ある優等生2人の戦略(タクティクス)3
催事用のビルで行われている、中部企業・国際フォーラムの会場を歩く2人の優等生。
彼らの手には、多くの名詞が握られている。
「雪峰くんも、やるじゃないですか。技術(テック)系の企業を中心に、3社も名詞交換をされるとは、流石はデッドエンド・ボーイズのキャプテンです」
赤茶色の髪の優等生が、共に企業フォーラムを訪れた同僚を褒め讃えた。
「よく言う、柴芭。お前の方こそ、12社も名詞交換を果たしているだろう。まるで社交能力の、塊のようなヤツだな」
赤茶色の髪の優等生が集めた名詞の数に、呆れる黒髪の優等生。
「美しい女性も、多かったですからね。とりあえず午前の部で、15枚の名詞を確保出来ました」
「ああ。しかし、こう言っては何だが、名詞交換だけで良かったのか?」
「残念ですがウチの実績では、いきなり出資をしてくれと言っても断られるでしょう」
「確かにな。まずはデッドエンド・ボーイズの存在を、企業に認知させるコトが先決か」
「急いては事を仕損じると、言いますうからね」
会場内では、真新しいビジネススーツを着た学生たちが、忙しそうに企業ブースを周っていた。
2人は、腕時計に目をやる。
「気が付けば、もう1時を回っている。そろそろ、昼にするか」
「そうですね。と言っても、スーツへの出費が激しかったので、コンビニか牛丼くらいでしょうか」
「オレも同じだ。出費は痛いが、かと言って倉崎さんに出資して貰うのも、気が引けるしな」
2人は外に出ると、スマホの地図アプリを使って飲食店を探した。
話し合いの結果、結局はハンバーガーショップに入る。
1時を周っていたせいか客は少なく、2人は大き目の席に腰を落ち着けた。
「名詞アプリで名詞をスキャンして、データベースを造って置くか」
ハンバーガーを片手に、タブレットのカメラで手に入れた名詞を読み込む、デッドエンド・ボーイズのキャプテン。
「流石は、仕事が速いですね。ネットが繋がるハンバーガーショップにこだわったのは、この為だったのですか」
「まあな。
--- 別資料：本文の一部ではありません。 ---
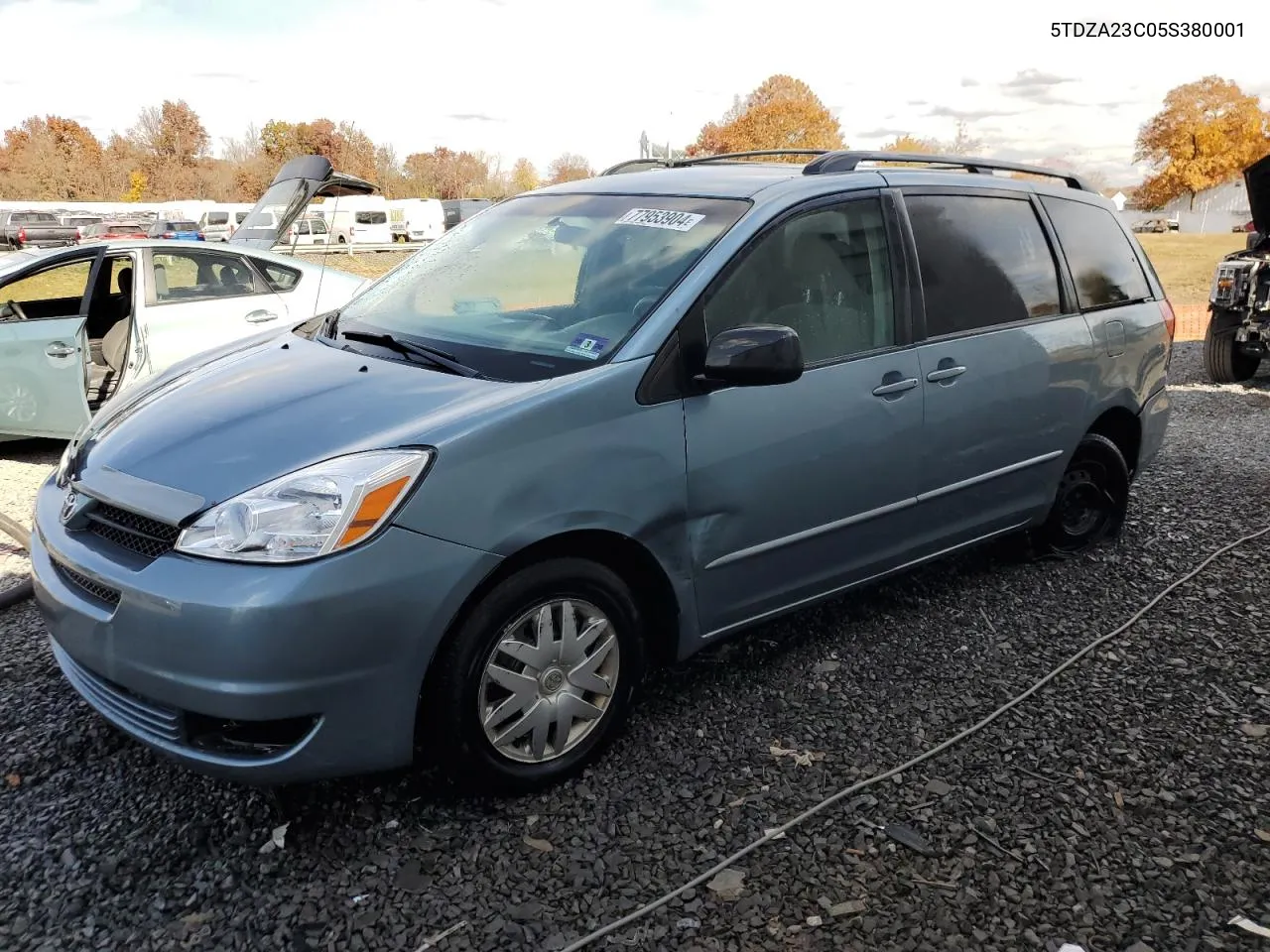 2005 Toyota Sienna Ce VIN: 5TDZA23C05S380001 Lot: 77953904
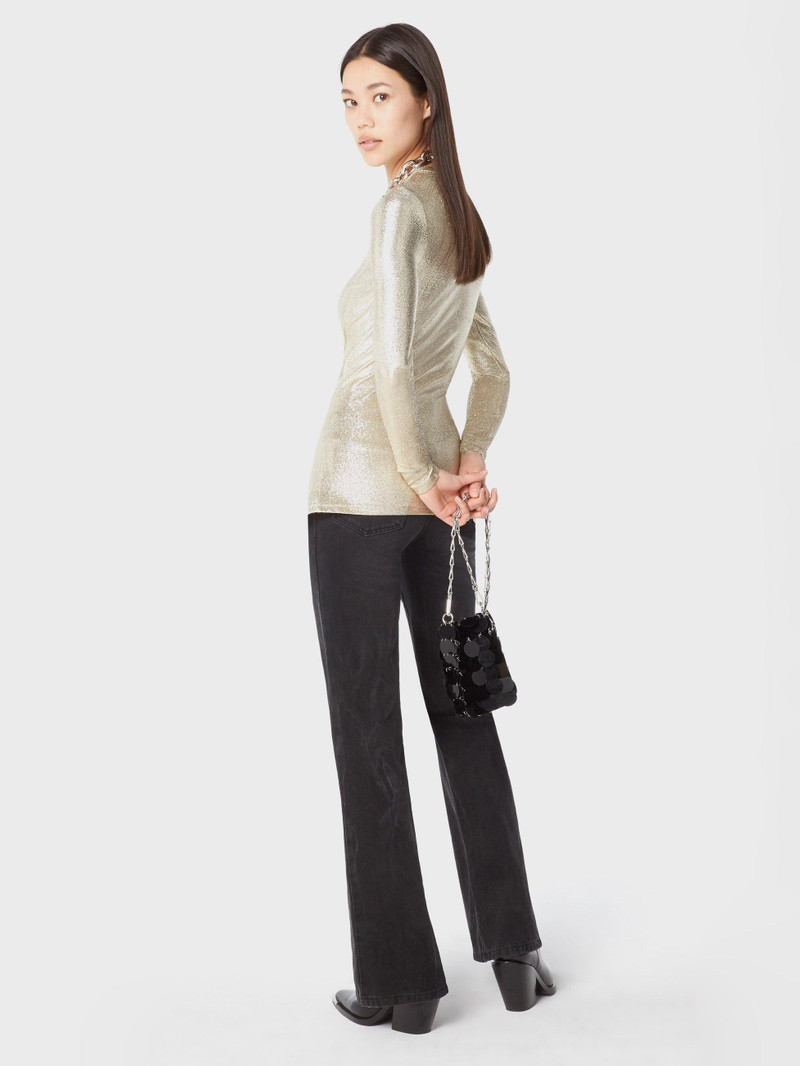 GOLD DRAPÉ PRESSION TOP IN LUREX 3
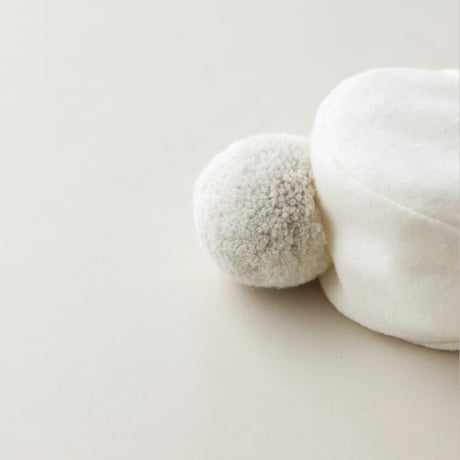 Briar Baby  IVORY POM BONNET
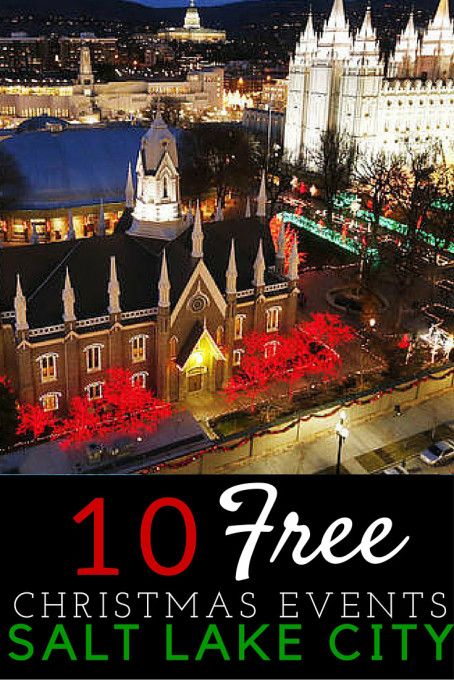 10 Free Things to do at Christmas in Salt Lake City Salt Lake City Utah Winter, Free Christmas Activities, Utah Christmas, Christmas Dorm Decorations, Things To Do At Christmas, Utah Activities, Utah Winter, Fun Date Night Ideas, Utah Camping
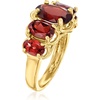 image:imageRossSimons 450 ct tw Gemstone 5Stone Ring in 18kt Gold Over Sterling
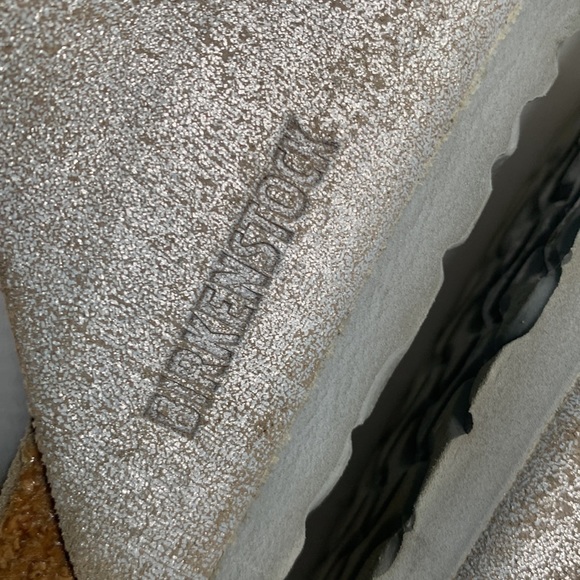 Birkenstock Arizona Big Buckle Brushed Metallic Birko-Flor Etroit Sandals Sz 37 - Picture 7 of 11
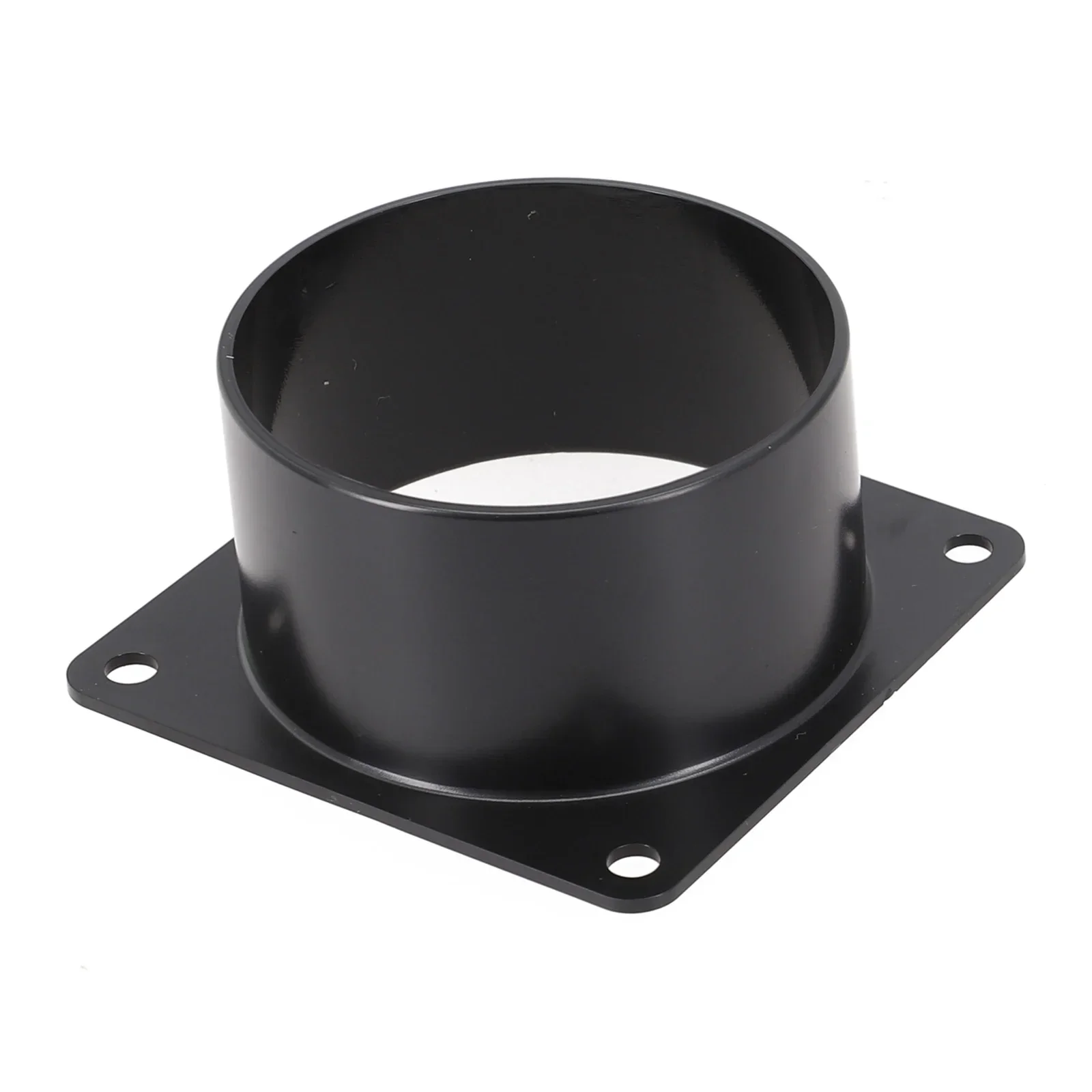 Connettore flangiato a parete in ABS per tubo di ventilazione Conduttura dell'aria Cappa Tubo Collegamento parti dell'attrezzatura di uscita di scarico 75/100/120mm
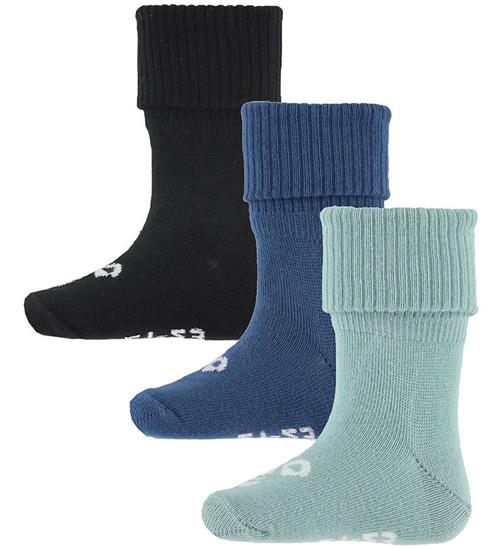 Hummel Gåstrømper - 3-pak - HmlSora - Blue Surf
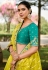 Light green crepe georgette lehenga choli for wedding 6808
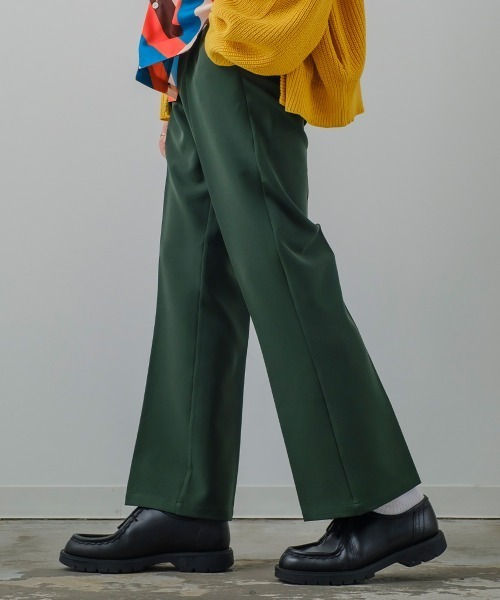 improves(インプローブス)の「【improves】ナチュラルストレッチ フレア カラーパンツ セットアップ対応(スラックス・メンズ・ブラック/ブラウン/グリーン/クリーム・MEDIUM/LARGE)」の4枚目の写真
このデータベースの内、1社でもスポンサーになってくれると良いのだが……」
「そう願いたい、モノですね」
赤茶色の髪の優等生は、席の白い机に並べたタロットカードをめくる。
カードは、『女帝(エンプレス)』だった。
「スポンサーに、なって差し上げましょうか?」
女性の声が、応える。
2人の優等生が慌てて横を向くと、席の隣に1人の女性が立っていた。
女性は紺色のスーツに、桜色のシャツを内に着ている。
ウェーブのかかった薄い金髪を肩に垂らし、瞳は碧眼だった。
「これは、美しいマドモアゼル。ボクは、柴芭と申します。よろしければ、貴女のお名前を教えてはいただけませんか?」
赤茶色の優等生が立ち上がり、胸に手を当てお辞儀をする。
「わたしは、シャルロット・神功寺(じんぐうじ)。父はオランダ人で、母が日本人なの」
女性は、自らの名を明かした。
「失礼ですがシャルロットとは、フランス語の名前ではありませんか?」
黒髪の優等生が、問いかける。
「ええ、そうなの。父方の祖父が、フランス人だから。わたし自身はオランダ生まれの日本育ち。いわゆる、帰国子女ってヤツね」
「複雑な、家系なのですね」
「ヨーロッパじゃ、珍しく無いそうよ。フランス人の名前とポーランド人の姓を持った西ドイツ人で、国が統合してドイツ人になって、日本人と結婚した人だっているんだから」
「ところでミス・シャルロット。我々の、スポンサーになってくれると言うのは、本当ですか?」
赤茶色の髪の優等生が、紳士的態度で伺った。
「わたしの家は、神功……JIN・GUUと言うブランドの総合商社でね。日本では輸入雑貨を中心に、商売をしているわ」
「あのJIN・GUUですか。女性向けの香水や、生活雑貨を取り扱っておられるのですよね?」
「まあね。本社はオランダで、父が社長で祖父が会長なの。フランスと日本に拠点があって、今度は東南アジアにも進出予定なのよ」
「オレはそう言うのに疎(うと)いのですが、世界的な企業なのですね。そんな企業が、どうして我々に出資を?」
疑問を抱く、黒髪の優等生。
「残念だケド、スポンサーの話は父の会社じゃ無いわ。わたしが新たに立ち上げる、ブランドよ」
シャルロットは、クスリと微笑んだ。